Adapun Soeharto, yang naik menjadi presiden lewat proses konstitusional yang berkabut, mempraktikkan kekuasaan tangan besi dengan dalih stabilitas dan pembangunan. Korupsi Soeharto bukan isapan jempol. Putusan Mahkamah Agung Nomor 140 PK/Pdt/2015 menyatakan Yayasan Supersemar milik Soeharto melakukan perbuatan melawan hukum dan wajib membayar uang pengganti Rp 4,4 triliun kepada negara. Hingga kini putusan itu tak pernah ditindaklanjuti secara hukum. Artinya, penghapusan nama Soeharto dari Tap MPR berpotensi merugikan negara.

Lagi pula ketetapan MPR untuk Sukarno dan Gus Dur telah dicabut oleh Tap MPR Nomor 1 Tahun 2003 karena perkaranya dianggap selesai.

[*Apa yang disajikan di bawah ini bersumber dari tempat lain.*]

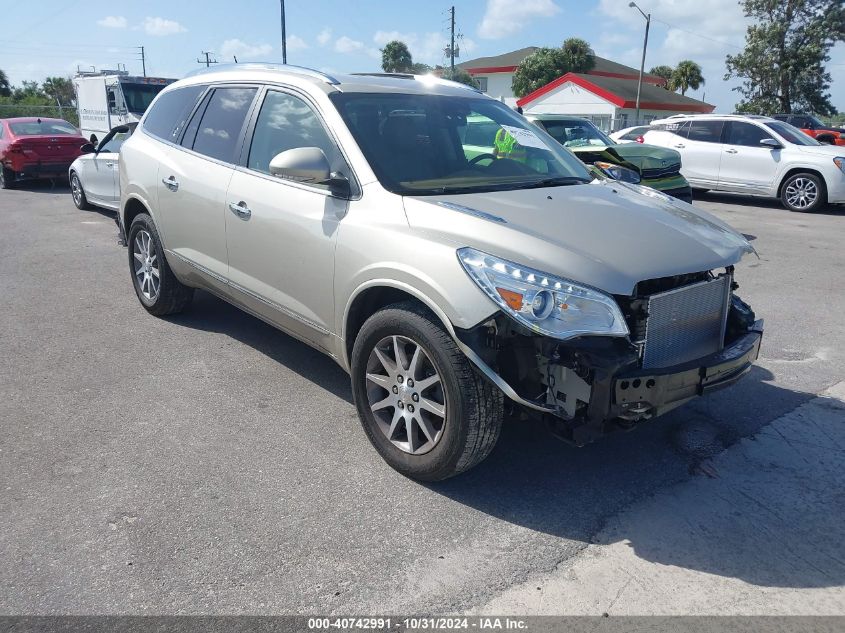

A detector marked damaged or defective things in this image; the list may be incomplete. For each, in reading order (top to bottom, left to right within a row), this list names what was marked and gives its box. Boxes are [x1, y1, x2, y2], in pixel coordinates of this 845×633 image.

damaged front end [458, 266, 760, 444]
broken bumper cover [612, 320, 764, 420] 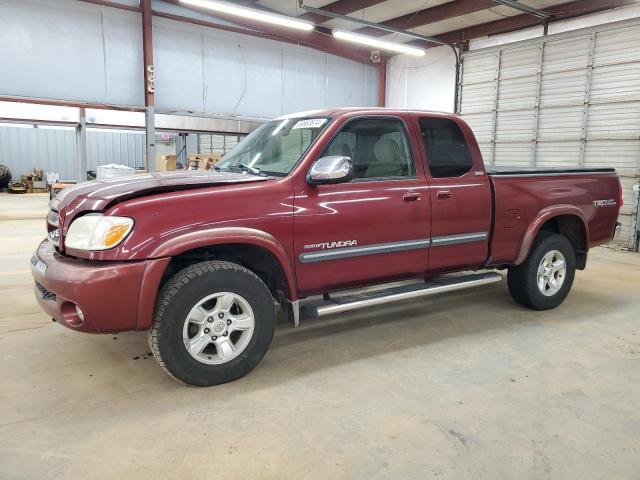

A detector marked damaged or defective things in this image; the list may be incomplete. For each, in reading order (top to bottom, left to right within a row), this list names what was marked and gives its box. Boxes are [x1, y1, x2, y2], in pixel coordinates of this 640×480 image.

damaged hood [51, 172, 268, 217] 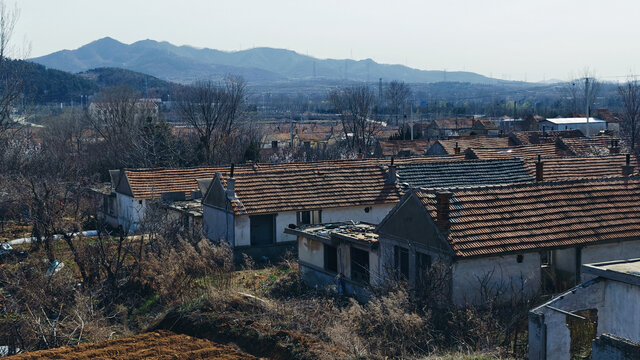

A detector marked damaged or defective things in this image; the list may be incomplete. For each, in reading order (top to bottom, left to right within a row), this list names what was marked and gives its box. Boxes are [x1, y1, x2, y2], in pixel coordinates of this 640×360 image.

broken window [324, 245, 340, 272]
broken window [350, 248, 370, 284]
broken window [392, 246, 408, 280]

Sementara itu, Ketetapan MPR untuk Soeharto masih berlanjut karena menyangkut penyelenggaraan negara yang bersih dari KKN sebagai amanat gerakan reformasi 1998. Pencabutan Ketetapan MPR tentang Soeharto, dengan begitu, mengkhianati cita-cita reformasi yang belum sepenuhnya terwujud. 

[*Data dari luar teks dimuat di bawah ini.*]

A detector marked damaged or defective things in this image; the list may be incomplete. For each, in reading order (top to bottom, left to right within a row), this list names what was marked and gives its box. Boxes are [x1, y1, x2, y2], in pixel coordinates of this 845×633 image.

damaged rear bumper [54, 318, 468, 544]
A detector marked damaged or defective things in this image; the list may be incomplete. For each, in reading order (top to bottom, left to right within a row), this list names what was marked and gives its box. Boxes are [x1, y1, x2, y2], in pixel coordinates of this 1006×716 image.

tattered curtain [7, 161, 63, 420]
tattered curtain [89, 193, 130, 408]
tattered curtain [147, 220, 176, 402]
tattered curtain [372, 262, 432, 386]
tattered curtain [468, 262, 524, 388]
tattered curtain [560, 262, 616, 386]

Pernyataan Bambang Soesatyo bahwa bangsa Indonesia bukan bangsa pendendam berbahaya karena mengaburkan tanggung jawab warga dan penyelenggara negara. Ada perbedaan jelas antara relasi antarmanusia yang sudah semestinya saling memaafkan dan penyelenggara negara yang terikat mekanisme penghukuman jika menyelewengkan kekuasaan. Melembagakan hukuman bagi penguasa yang menyeleweng akan menjadi pelajaran berharga bagi Indonesia ke depan.

Penghapusan nama Soeharto dari Tap MPR makin absurd karena diikuti dengan gagasan memberikan gelar pahlawan nasional. Dengan segala dampak kekuasaan yang membuat Indonesia sulit memberantas KKN setelah ia mundur, Soeharto tak layak menyandang gelar mulia itu. Keputusan MPR menghapus namanya merupakan contoh nyata bahwa watak Orde Baru yang permisif terhadap penyelewengan kekuasaan masih bercokol dalam ingatan kolektif para pengurus negara.

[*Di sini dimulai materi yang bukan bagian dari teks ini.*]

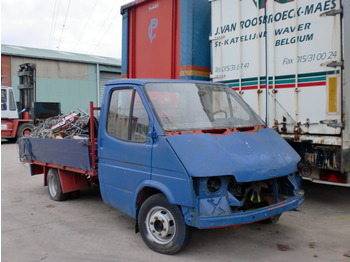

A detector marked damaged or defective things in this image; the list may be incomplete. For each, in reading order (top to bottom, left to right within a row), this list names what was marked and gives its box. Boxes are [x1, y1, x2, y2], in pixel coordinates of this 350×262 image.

rusty metal debris [27, 111, 90, 139]
broken windshield frame [144, 83, 264, 132] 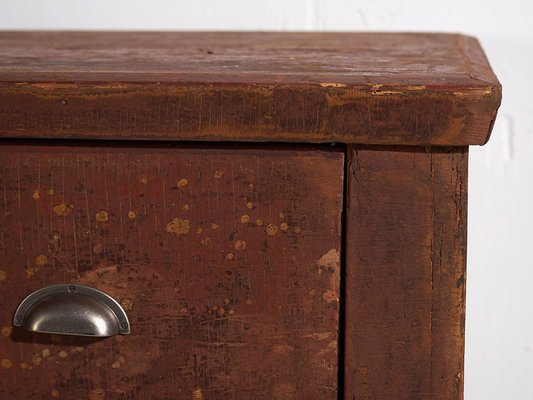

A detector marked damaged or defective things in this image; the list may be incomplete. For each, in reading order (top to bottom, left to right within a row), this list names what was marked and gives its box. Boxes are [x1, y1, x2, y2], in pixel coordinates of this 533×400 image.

chipped paint [167, 217, 192, 236] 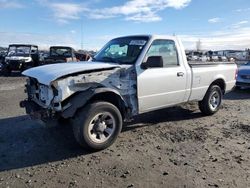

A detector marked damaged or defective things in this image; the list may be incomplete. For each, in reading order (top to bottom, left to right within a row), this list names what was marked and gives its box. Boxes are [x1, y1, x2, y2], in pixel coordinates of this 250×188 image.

crumpled hood [22, 61, 121, 85]
damaged front end [21, 65, 139, 122]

Pemutihan nama Soeharto menjelang pelantikan Prabowo Subianto sebagai Presiden Indonesia 2024-2029 pada 20 Oktober 2024 juga patut dicurigai sebagai cara pemerintahan baru memulihkan nama baik keluarga Cendana. Prabowo, jenderal tentara Orde Baru mantan menantu Soeharto, pernah mengusulkan pada 2014 agar bekas mertuanya itu mendapat penghargaan sebagai Bapak Pembangunan.

Lebih dari itu, pencabutan nama Soeharto dari Tap MPR juga bisa menjadi preseden memberikan impunitas kepada kepala negara yang melanggar aturan. Keputusan Bambang pada pekan lalu bisa dipakai untuk memaafkan Presiden Jokowi yang kekuasaannya berlumur penyelewengan hukum. Dalam hal nepotisme, Soeharto mengangkat anaknya menjadi menteri, sementara Jokowi cawe-cawe memuluskan anaknya menjadi wakil presiden.

Kejahatan konstitusi semacam itu tidak bisa dihapus hanya dengan permintaan maaf.